Und tatsächlich, drinnen im «Raponi» treffen wir den Padrone an: einen ordentlichen 82-jährigen Senioren im roten Poloshirt. «Nehmen Sie erst einmal Platz», sagt er, und wägt offenbar ab. Die AZ habe 1982 nach seiner Ankunft in Schaffhausen als erstes über ihn geschrieben, erzählt er, als er einen Espresso an den Tisch bringt. Enzo Raponi übernahm damals als erster Ausländer in der Schweiz ein Bahnhofbuffet. Er prägte den Schaffhauser Bahnhof zusammen mit seiner Frau Renate für vier Jahrzehnte – und kennt ihn wie kaum ein zweiter.
«Der Bahnhof ist wie ein Hafen. Viele Schiffe legen hier an, ganz unterschiedliche Menschen kommen her», sagt der Wirt und winkt ab: «Es gibt viel zu erzählen». Er lacht und geht seelenruhig davon. Verschwindet hinter dem Tresen. So wird er es in der nächsten Stunde immer wieder tun: mal ein Tischchen für eine Stammkundin zurechtrücken, ein Zweierli Weissen servieren oder Gläser abtrocknen. Dazwischen erhält man Einblicke in ein stilles, tiefes Wasser: in das Leben von einem, der nicht nur Bahnhofswirt, sondern auch Dichter ist.
Café complet den ganzen Tag
Als Enzo Raponi im April 1982 die Schaffhauser Einwohnerkontrolle aufsuchte, tippte AZ-Chefredaktor Arthur Müller in seinem Büro gerade einen launigen Artikel über den Abgang des alten Wirtepaars und die aufreibende Schichtarbeit im Bahnhofsbuffet. Enzo Raponi hatte sich am dortigen Stammtisch bereits als neuer Wirt vorgestellt, und als der AZ-Chefredaktor ihn von seinem Fenster aus über den Platz gehen sah, rief er bei der Einwohnerbehörde an: Der Neue solle sich danach gleich in der Redaktion melden.

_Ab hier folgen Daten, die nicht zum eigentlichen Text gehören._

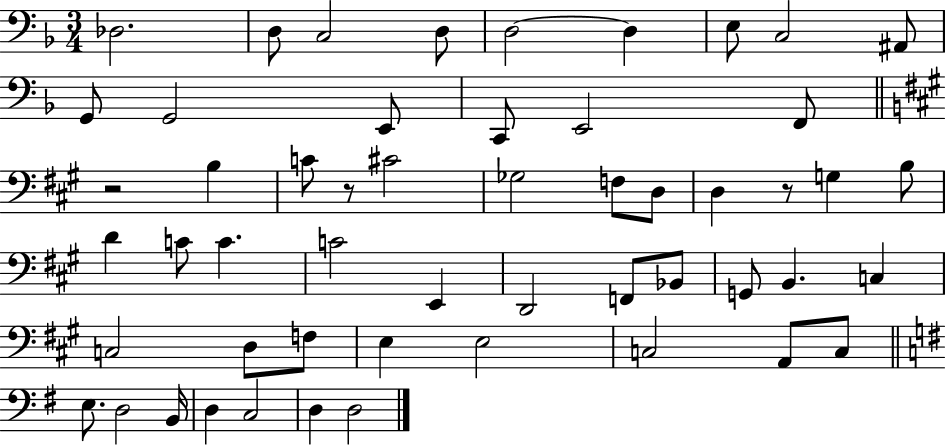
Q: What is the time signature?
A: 3/4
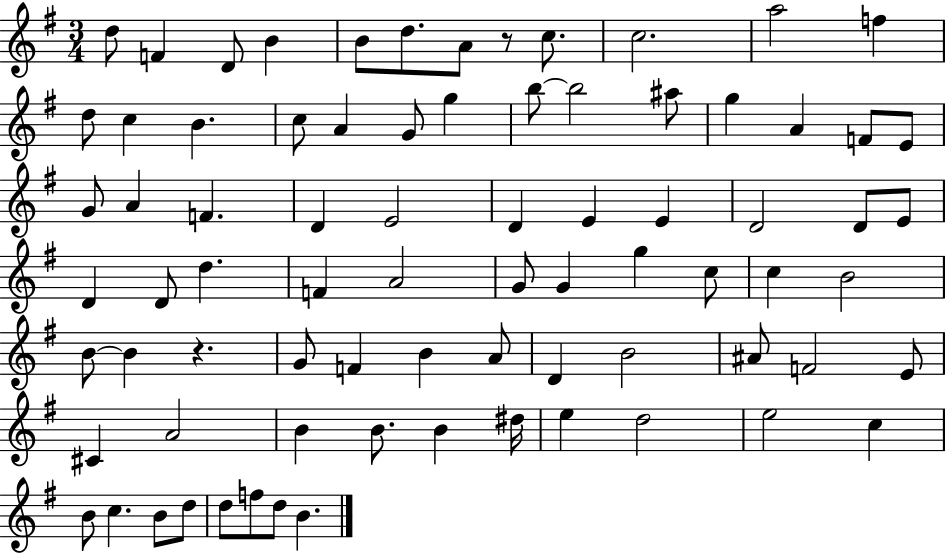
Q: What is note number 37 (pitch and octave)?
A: D4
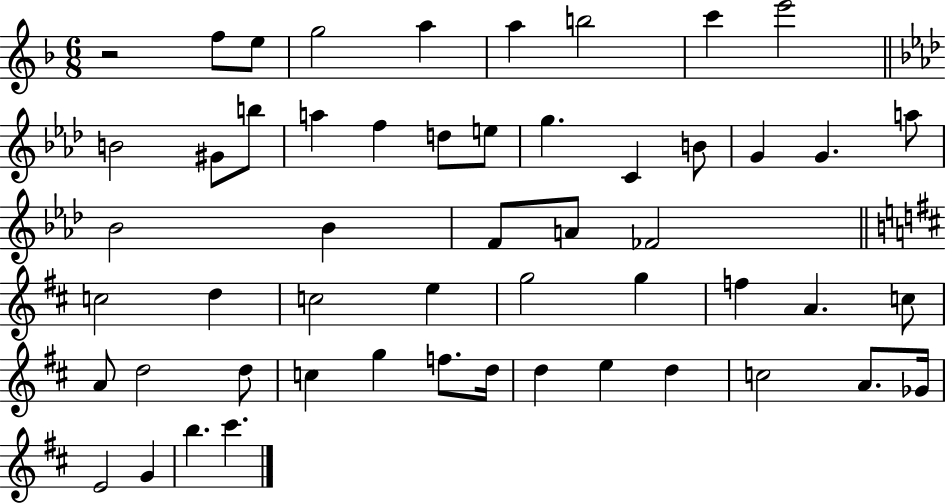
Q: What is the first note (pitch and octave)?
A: F5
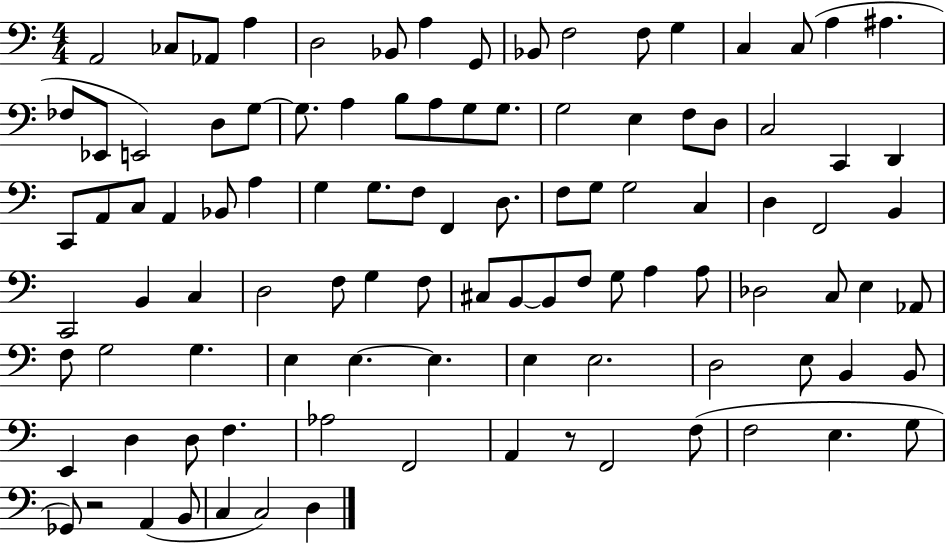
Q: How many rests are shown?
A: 2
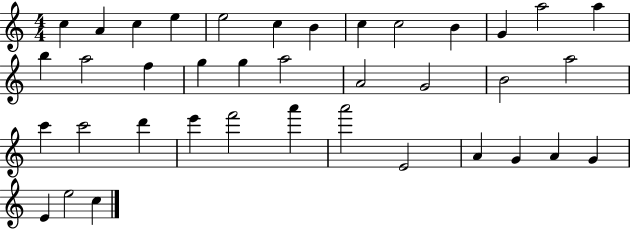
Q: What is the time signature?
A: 4/4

Die Bahnhofbuffets der SBB waren damals noch eine Schweizer Institution. In Schaffhausen sass zu früheren Zeiten jeweils auch Walther Bringolf am Stammtisch – in der 1. Klasse, wohlgemerkt: Denn das Buffet war in eine 1. und 2. Klasse unterteilt, wo die gehobeneren Kreise einerseits und das einfache Volk mit dem kleinen Portemonnaie andererseits verkehrten.
Den ganzen Tag über gab es warme Küche, und zwar in jeder Stadt nach lokaler Gepflogenheit. Gleichzeitig reglementierte die SBB den Gastbetrieb auf gutschweizerische Art: So war ein Glas Milch im Angebot obligatorisch, ebenso Café complet zu jeder Tageszeit. Und der Schweizer Pass für Wirtsleute.
Enzo Raponi stammt aus Carpineto Romano, einem kleinen Ort bei Rom. Er machte die Hotelfachschule in Rimini und arbeitete danach in Deutschland, wo er seine Frau kennenlernte. Nach einer Station in England kamen sie nach Baselland in die Schweiz, wo sie eine Familie gründeten und ein Hotel führten – um sich 1982 auf das Bahnhofbuffet Schaffhausen zu bewerben. Dieses sei lange ausgeschrieben gewesen, erinnert sich Enzo Raponi. Vielleicht deshalb habe die SBB zum ersten Mal überhaupt eine Ausnahme gemacht und ihn und seine Frau unter strenger Prüfung als Ausländer zur Pacht zugelassen.
In seinem Artikel in der Schaffhauser AZ hatte Chefredaktor Arthur Müller angekündigt, dass die Stammtischrunde des Bahnhofbuffets den Abgang der alten Wirte bedauerten und einen Gaststättenwechsel erwägten. Doch dazu kam es dank Enzo und Renate Raponis Gastfreundlichkeit nicht – wobei sie die 1. und 2. Klasse als Schaffhauserstube und Express-Buffet weiterführten.
Ein Blick genügt
Während Raponis Zeit im Bahnhofsbuffet kamen oft Menschen sonntags ins Restaurant und wollten Brot, Eier oder Salz kaufen. «Manche fuhren auch bis zum Flughafen – das war sonst der einzige Ort, wo man sonntags etwas einkaufen konnte», erinnert sich Enzo Raponi. Er erkannte das Potenzial und eröffnete 1991 zusammen mit der SBB einen der ersten Aperto-Shops überhaupt in der Schweiz: ein Glasbau – dafür habe er sich in Milano inspirieren lassen, erzählt Enzo Raponi. Fünf Jahre später gaben Raponis das Bahnhofsbuffet ab und konzentrierten sich fortan ganz auf den 365 Tage im Jahr geöffneten Aperto und bauten den Shop mit Cafébar und Wintergarten aus.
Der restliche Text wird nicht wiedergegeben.